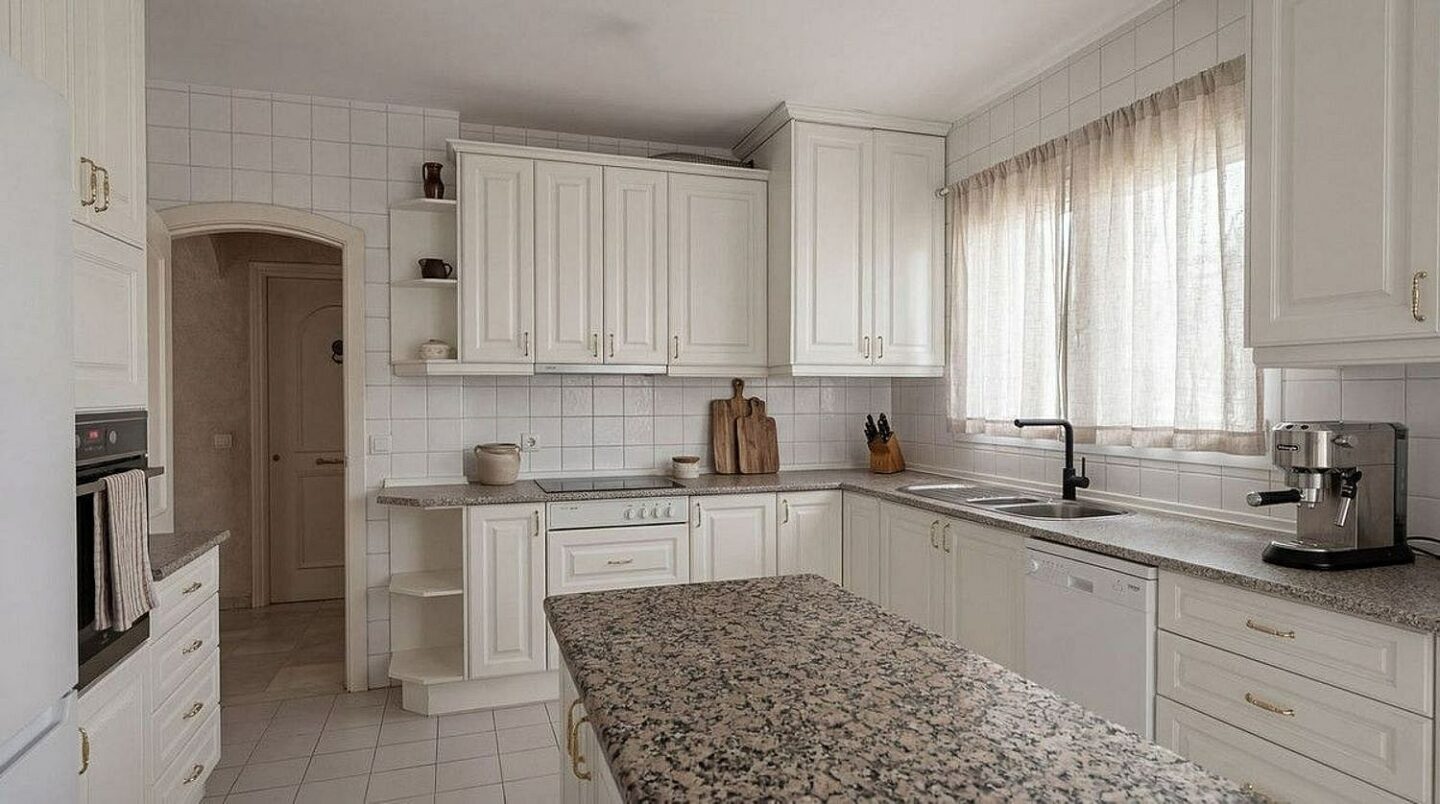 Spacious villa with large private plot Elviria Marbella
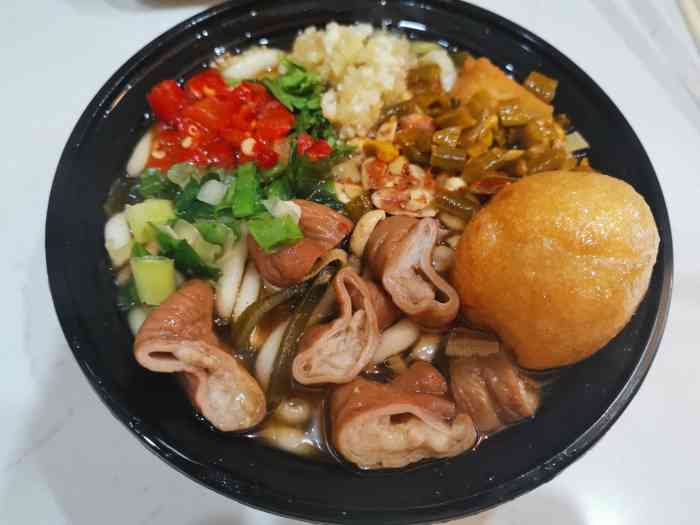 辣么多手工卤粉-"【夭夭探店】老军营这家小吃开了之后我.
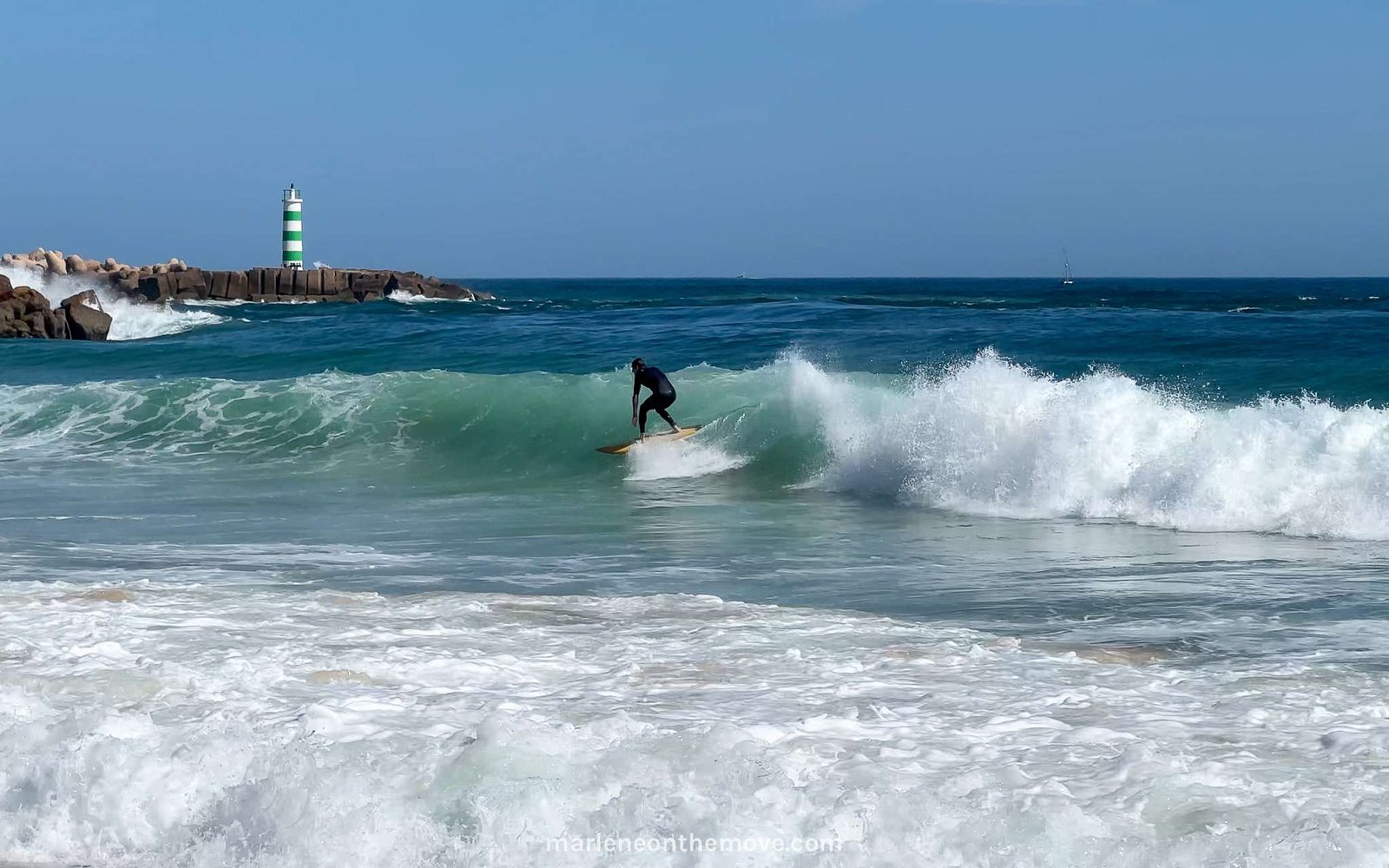 Surfing a levante swell in Ilha Deserta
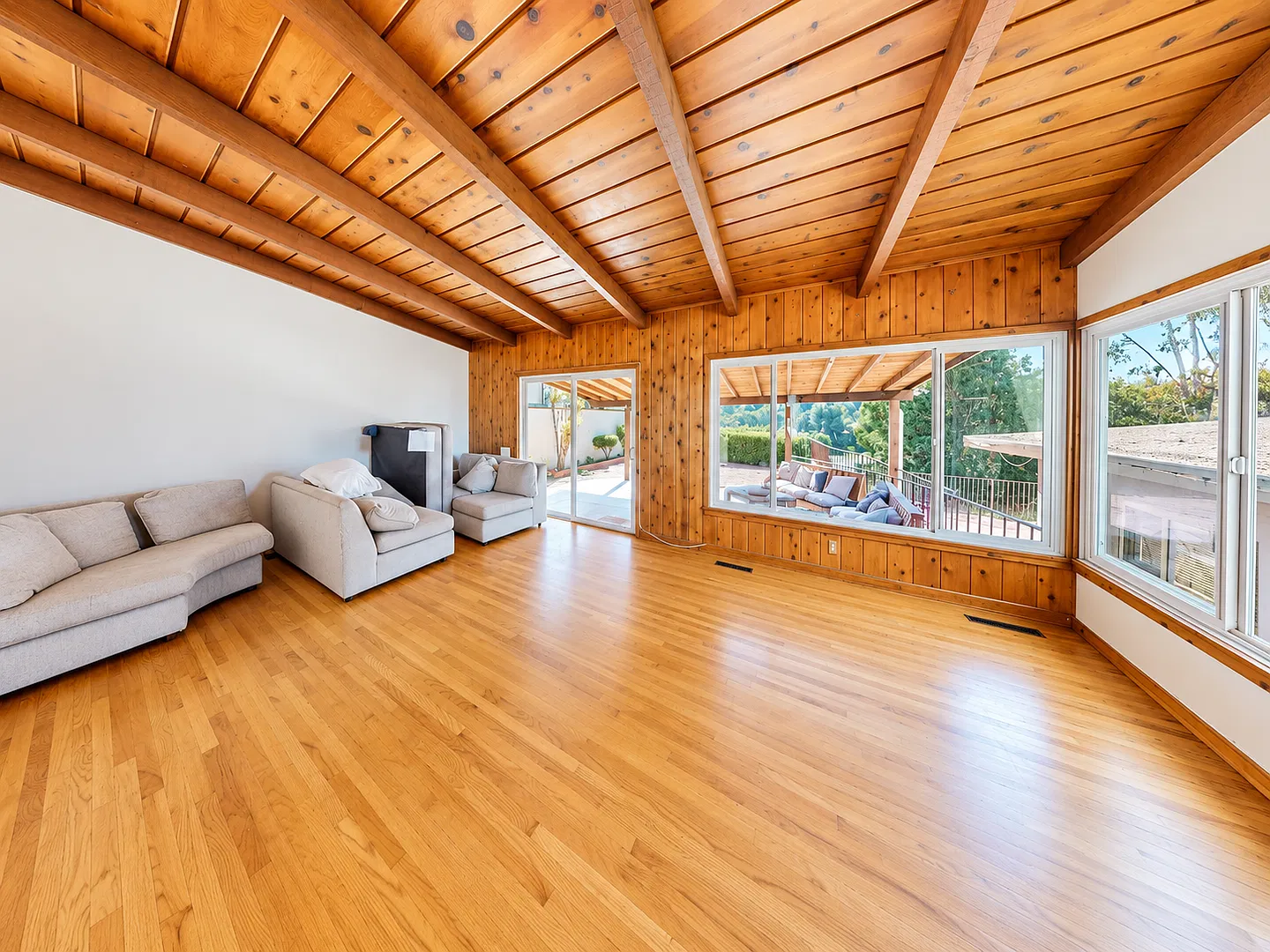 5 Rooms (4BD + Large "Den"), Covered Patio! — Photo 4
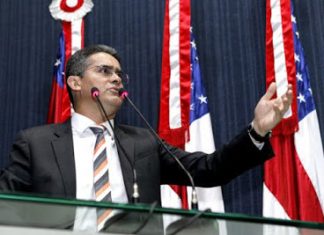 David Almeida cobra celeridade na execução das emendas impositivas por parte do Governo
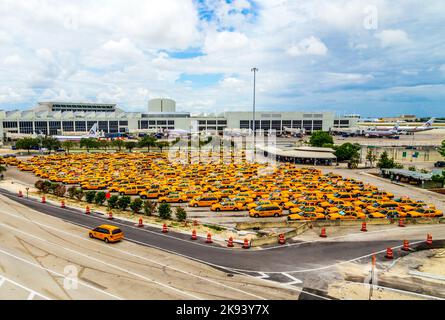 MIAMI, USA - 7 AGOSTO: Aeroporto internazionale di Miami il 7 agosto 2013 a Miami, USA. Molti taxi aspettano i passeggeri. Hanno bisogno di una licenza speciale per il ser Foto Stock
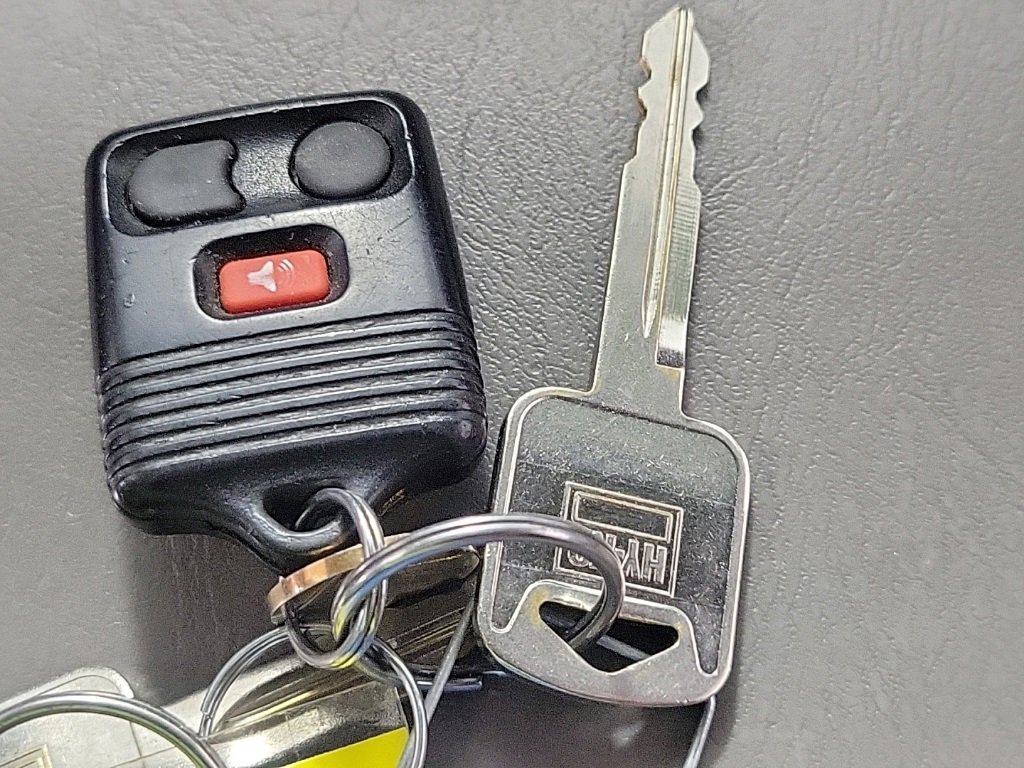 Used 2001 Ford F350 XL image 27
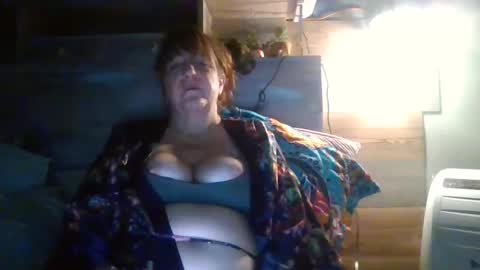 Snapshot of redrooster7 chatting on September 10, 2025, 11:43 am blueyzdadzgirl online show from September 10, 2025, 11:43 am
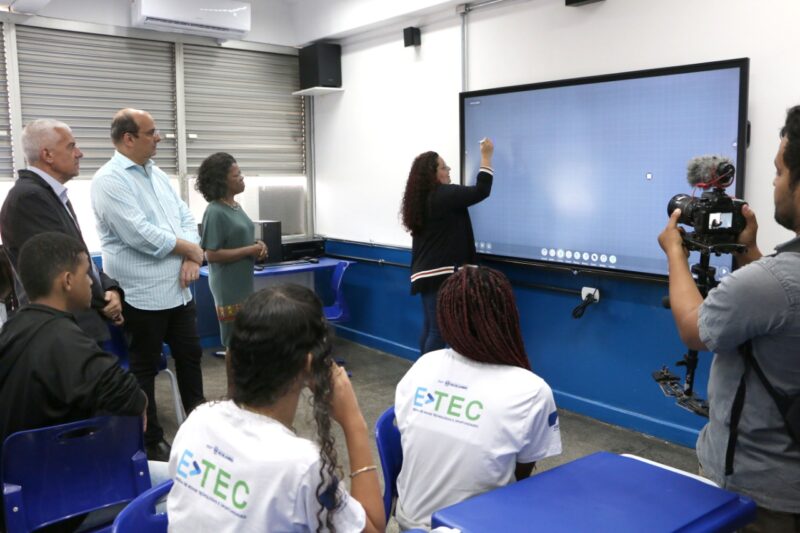 Vice-prefeita e secretário de Educação participam de inauguração da primeira E-Tec de Barra Mansa – Barra Mansa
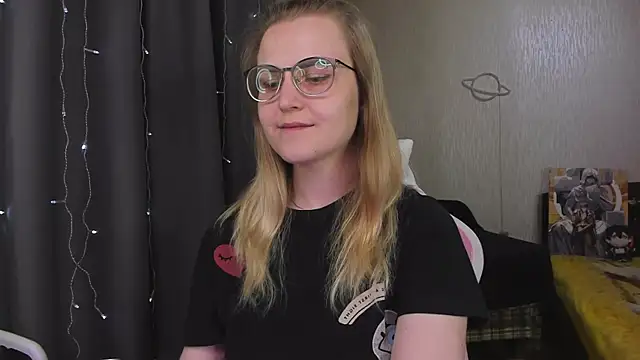 MissBrightShine élő XXX-chatje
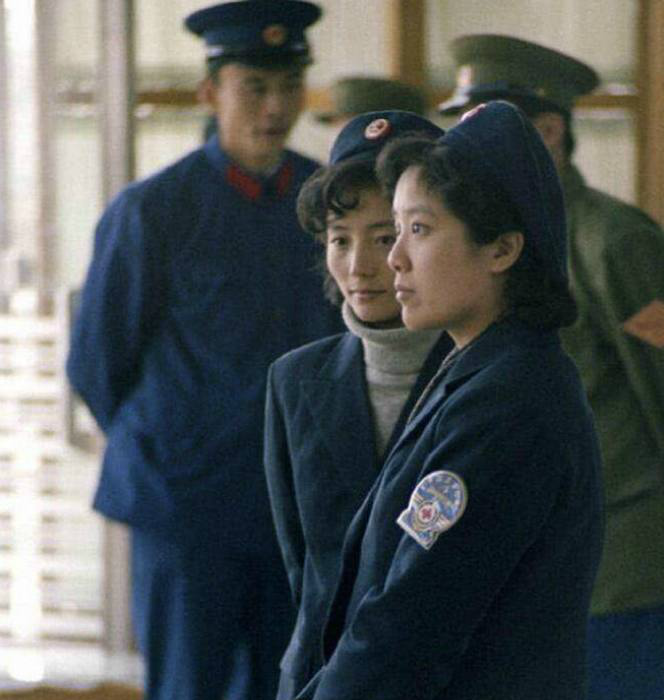 80年代,牟其中以300元起家,用罐头换飞机一夜暴富,从此大名传遍大江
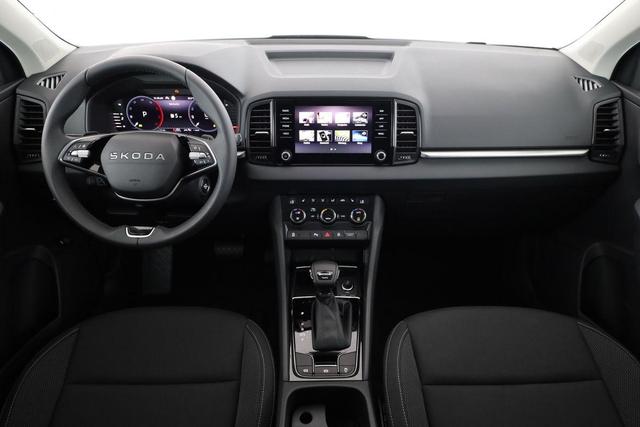 Skoda Karoq Selection 2.0 TDI DSG 4x4 Selection, AHK, Navi, LED, Kamera, Winter, el. Klappe, 4 J.-Garantie 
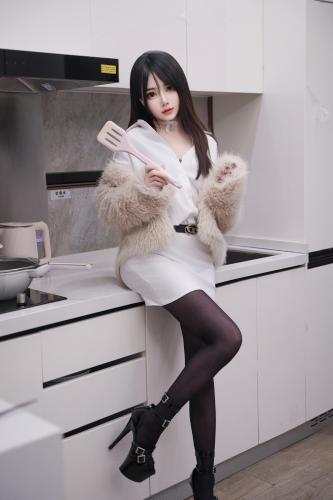 [XR Uncensored] Lin Yue Yue (林月月) – 厨房料理未上架无码流出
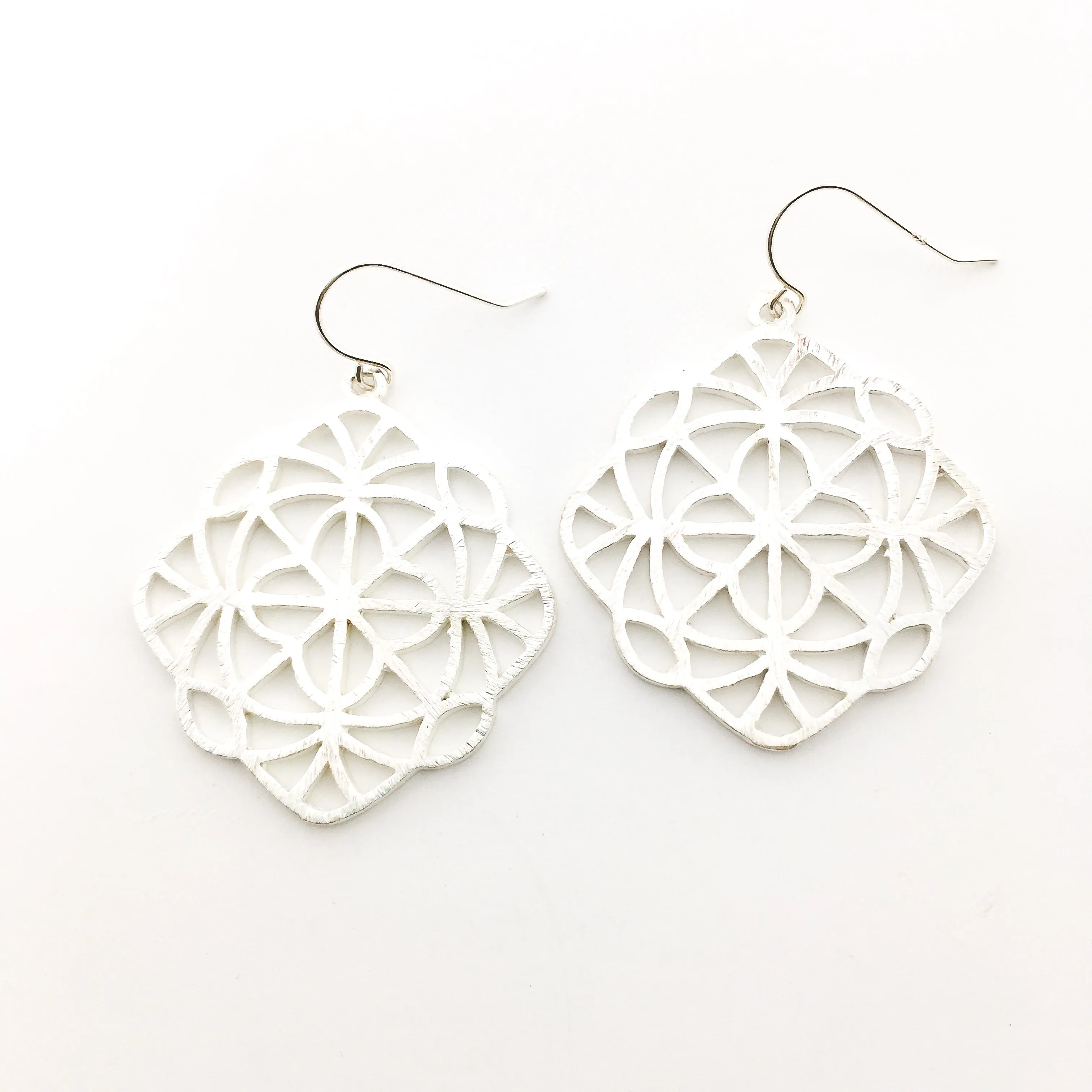 Neveah Brushed Kaleidoscope Earrings | Silver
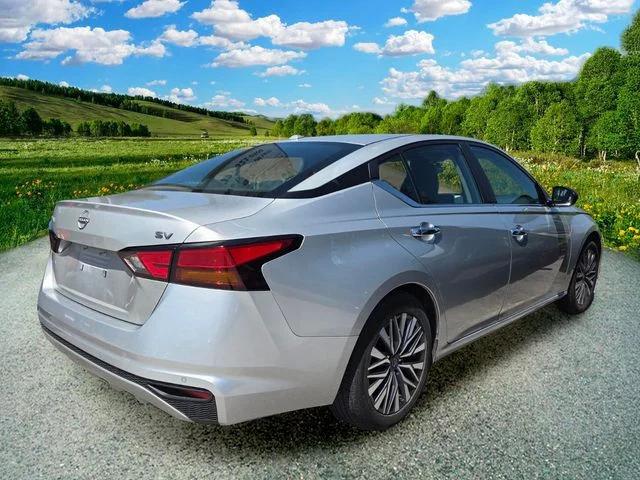 2024 Nissan Altima SV FWD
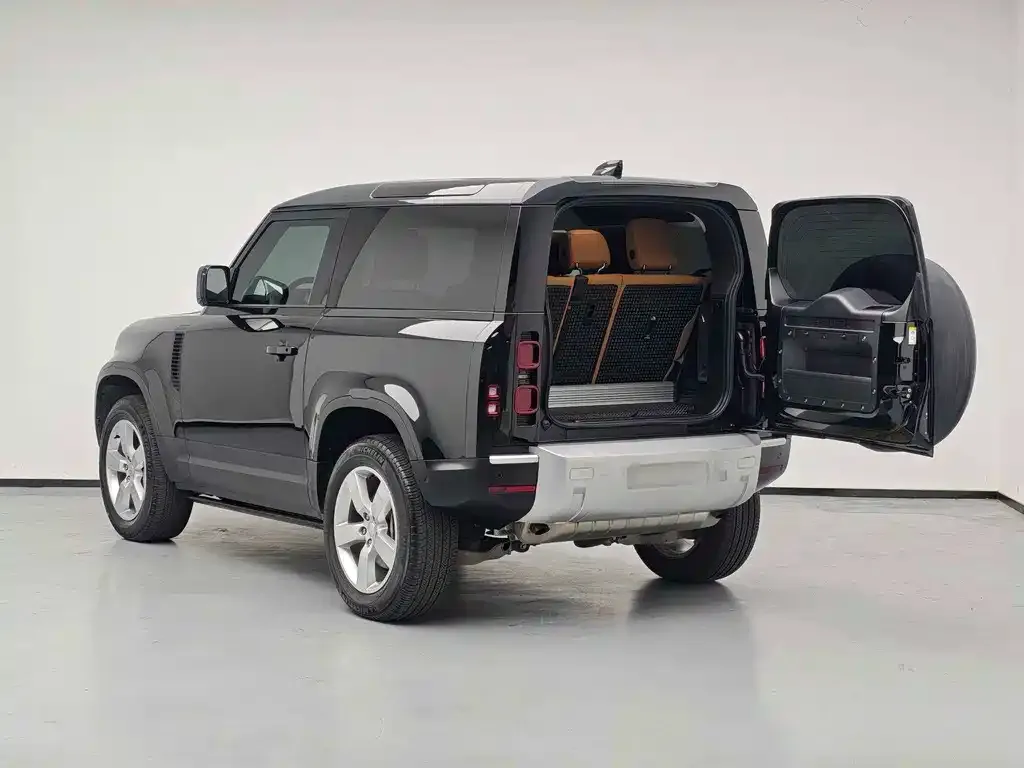 Land Rover Defender — фото 9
- - -
What the task asks =
Give all the entries again exactly, dropping each picture.

Result =
 Spacious villa with large private plot Elviria Marbella
 辣么多手工卤粉-"【夭夭探店】老军营这家小吃开了之后我.
 Surfing a levante swell in Ilha Deserta
 5 Rooms (4BD + Large "Den"), Covered Patio! — Photo 4
 David Almeida cobra celeridade na execução das emendas impositivas por parte do Governo
 MIAMI, USA - 7 AGOSTO: Aeroporto internazionale di Miami il 7 agosto 2013 a Miami, USA. Molti taxi aspettano i passeggeri. Hanno bisogno di una licenza speciale per il ser Foto Stock
 Used 2001 Ford F350 XL image 27
 Snapshot of redrooster7 chatting on September 10, 2025, 11:43 am blueyzdadzgirl online show from September 10, 2025, 11:43 am
 Vice-prefeita e secretário de Educação participam de inauguração da primeira E-Tec de Barra Mansa – Barra Mansa
 MissBrightShine élő XXX-chatje
 80年代,牟其中以300元起家,用罐头换飞机一夜暴富,从此大名传遍大江
 Skoda Karoq Selection 2.0 TDI DSG 4x4 Selection, AHK, Navi, LED, Kamera, Winter, el. Klappe, 4 J.-Garantie 
 [XR Uncensored] Lin Yue Yue (林月月) – 厨房料理未上架无码流出
 Neveah Brushed Kaleidoscope Earrings | Silver
 2024 Nissan Altima SV FWD
 Land Rover Defender — фото 9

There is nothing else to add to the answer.